[Work to complete] Copy out, exactly and with nothing else, the stretch of lines that starts at the line containing "this 700×426 image." and finishes at the end of the data.

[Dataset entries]
Start of Block
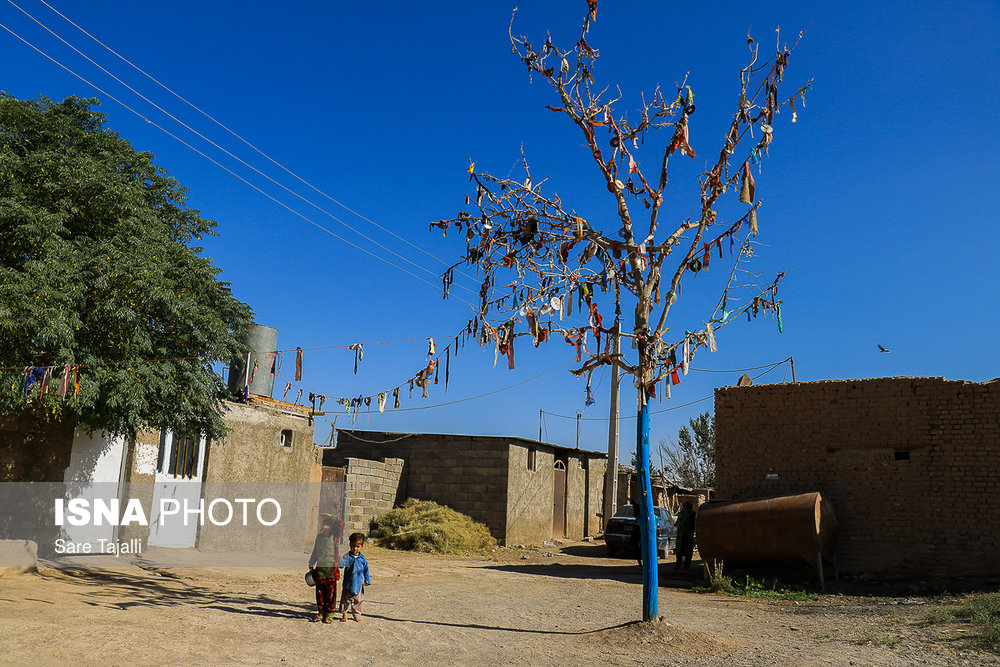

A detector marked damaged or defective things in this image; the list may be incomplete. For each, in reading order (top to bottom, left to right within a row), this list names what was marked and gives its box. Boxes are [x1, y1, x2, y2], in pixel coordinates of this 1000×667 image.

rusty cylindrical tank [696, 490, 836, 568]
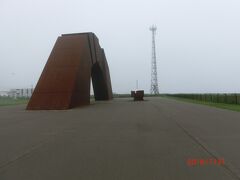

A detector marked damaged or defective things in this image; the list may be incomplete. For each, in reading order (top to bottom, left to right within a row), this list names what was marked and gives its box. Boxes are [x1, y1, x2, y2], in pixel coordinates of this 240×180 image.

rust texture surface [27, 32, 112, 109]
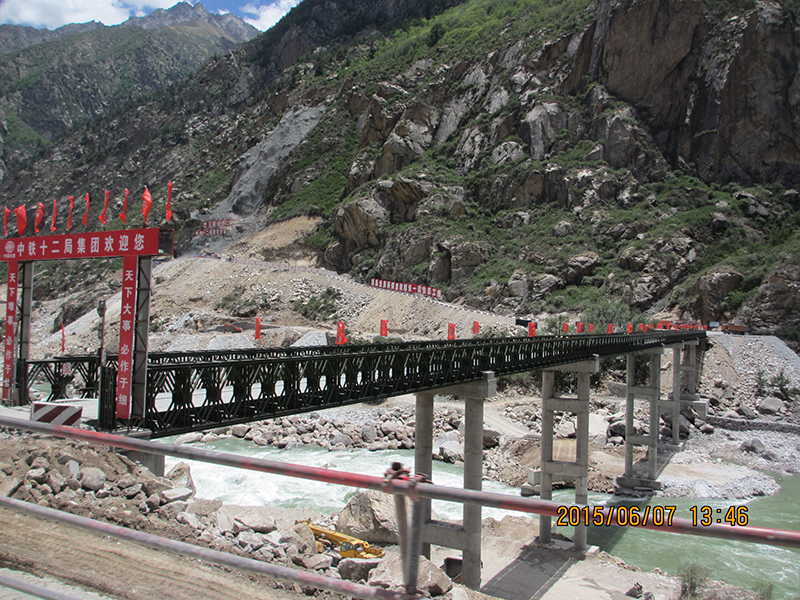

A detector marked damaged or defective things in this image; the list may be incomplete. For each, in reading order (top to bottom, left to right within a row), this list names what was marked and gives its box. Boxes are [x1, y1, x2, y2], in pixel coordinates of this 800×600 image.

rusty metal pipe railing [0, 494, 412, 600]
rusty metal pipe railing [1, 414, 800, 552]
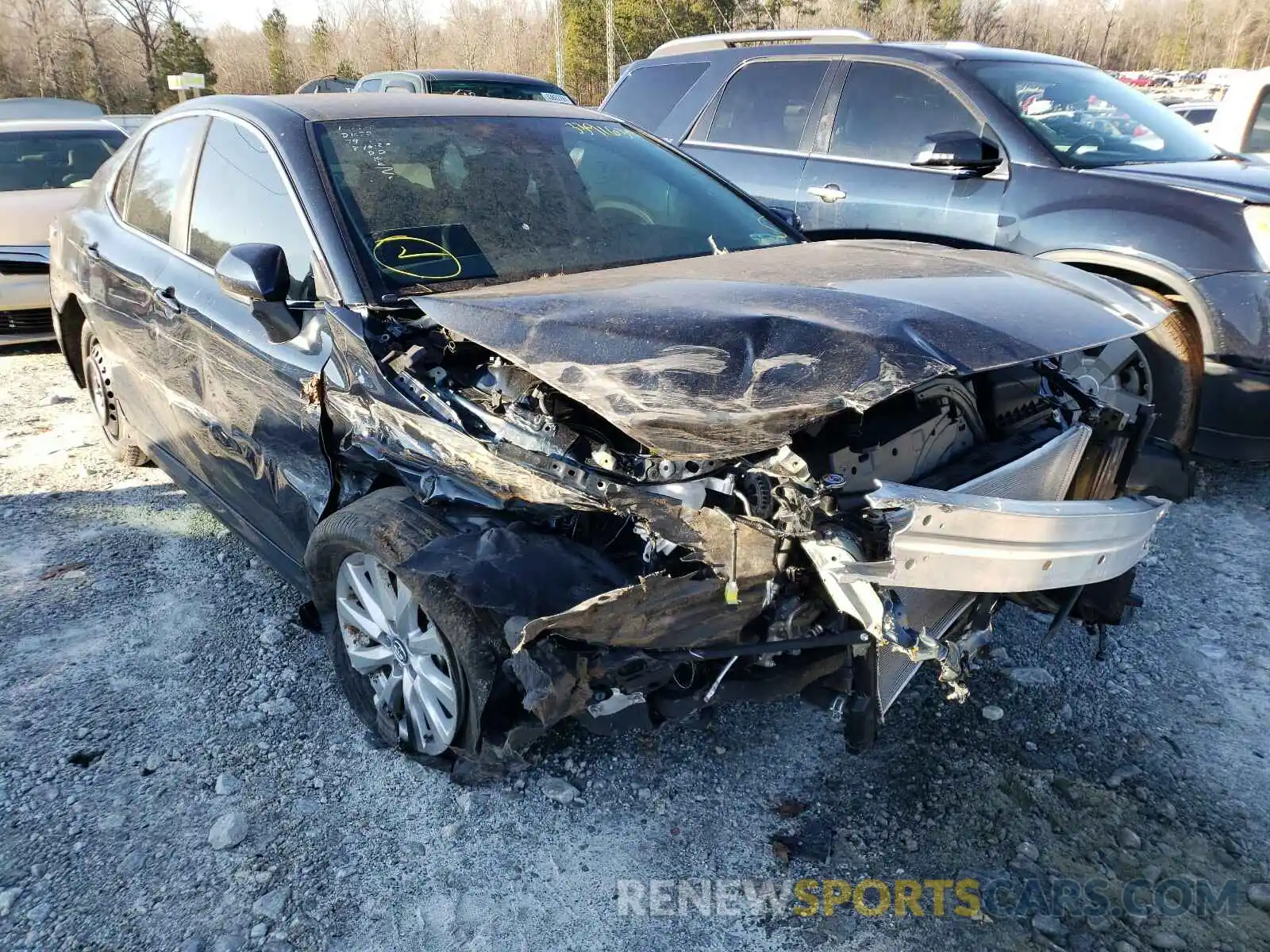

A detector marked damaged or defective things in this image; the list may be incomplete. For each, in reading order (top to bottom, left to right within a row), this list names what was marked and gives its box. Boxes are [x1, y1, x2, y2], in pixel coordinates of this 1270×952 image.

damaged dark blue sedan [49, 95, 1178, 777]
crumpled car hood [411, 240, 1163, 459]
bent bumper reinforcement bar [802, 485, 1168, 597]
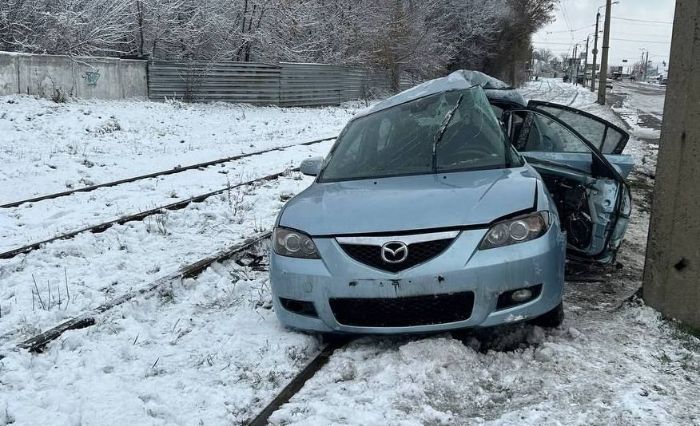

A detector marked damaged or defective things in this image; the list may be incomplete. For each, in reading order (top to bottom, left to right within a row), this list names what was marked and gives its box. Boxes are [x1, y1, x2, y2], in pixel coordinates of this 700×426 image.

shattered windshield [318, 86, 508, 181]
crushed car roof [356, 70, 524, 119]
End of Block
[Result of the task]
A detector marked damaged or defective things in this image; the list may be incomplete. For each, in reading order (top to bottom, left to right within a row), this list names what was marked and gives its box. Boxes are [x1, y1, x2, y2], in pixel coordinates of this 700×426 image.

shattered windshield [318, 86, 508, 181]
crushed car roof [356, 70, 524, 119]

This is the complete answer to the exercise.